My current project is in MainFrames with DB2 as its database. We have 70 databases with nearly 60 tables in each of them. Our architect proposed a plan of using Kafka with Spark streaming for processing data. How good is Kafka in reading the RDBMS tables for data ? Do we directly read the data from the tables using Kafka or is there any other way to get the data from RDBMS into Kafka ? If there is any better solution, your suggestions can help a lot.
Kafka is a message queue system. You write consumers and producers for Kafka. There are existing ones from the community and certified ones from partners. Producers read data from a source and publish it to a Kafka queue. Consumers read data a Kafka queue and write it to a destination.
I got the feeling that your solution architect is thinking of getting the data from the source that is feeding the data into DB2. I don't know what the source is but I'll use the typical twitter example. I would have a Kafka Twitter producer to get tweets from the twitter firehouse api and publish them a Kafka queue.

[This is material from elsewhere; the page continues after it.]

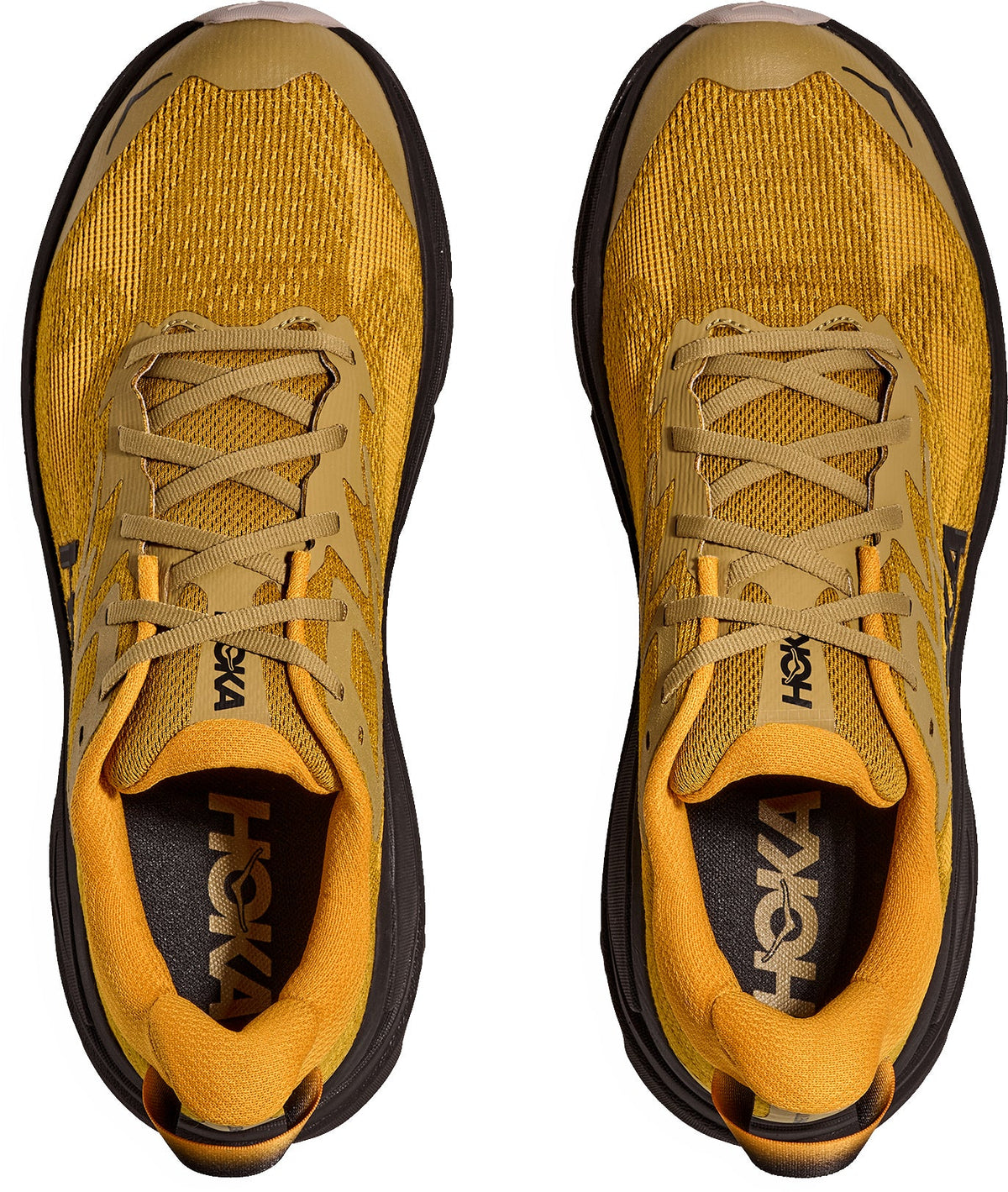 Hoka Men's Challenger 8 Trail Running Shoes - Yellow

I would then have a Spark Streaming consumer to take those tweet messages and feed them into my Spark app to filter all hashtags and aggregate top ten and bottem ten by language.

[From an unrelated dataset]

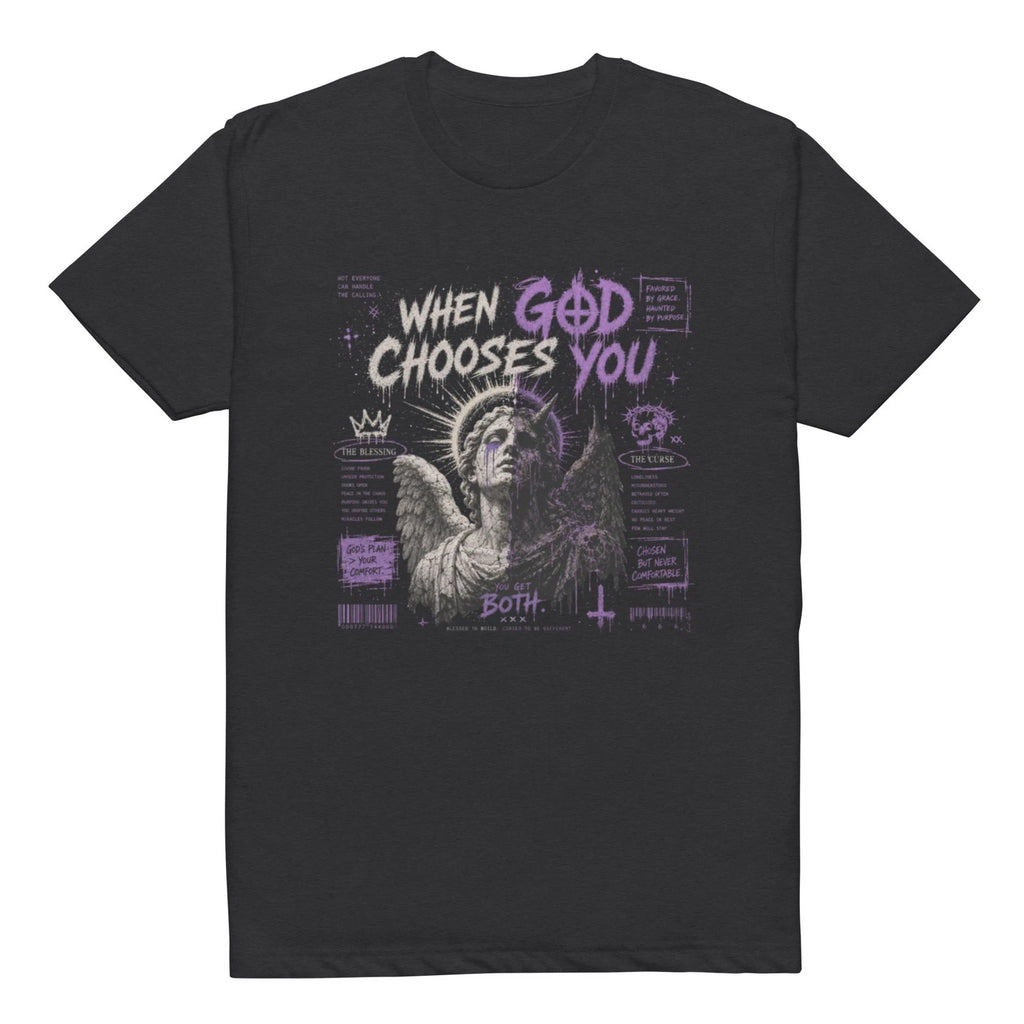 Unisex Fitted T-Shirt - Next Level 6210 - Chosen Theme - Free Shipping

There are no tables in Kafka. Structure Streams (the new name for Spark Streaming) does have the DataFrame api so you can work on the data in a table format and SQL queries can be used in the app. But both require building applications in the choice of language; not SQL/HQL.
I couldn't recommend a better solution without going down the path of being your solution architect. If you come up with additional questions open new topics and ask them. Invite your solution architect to join this community. If you want and can divulge information like data source(s), data type(s), data format(s), usage patterns, etc. I can point you in a direction.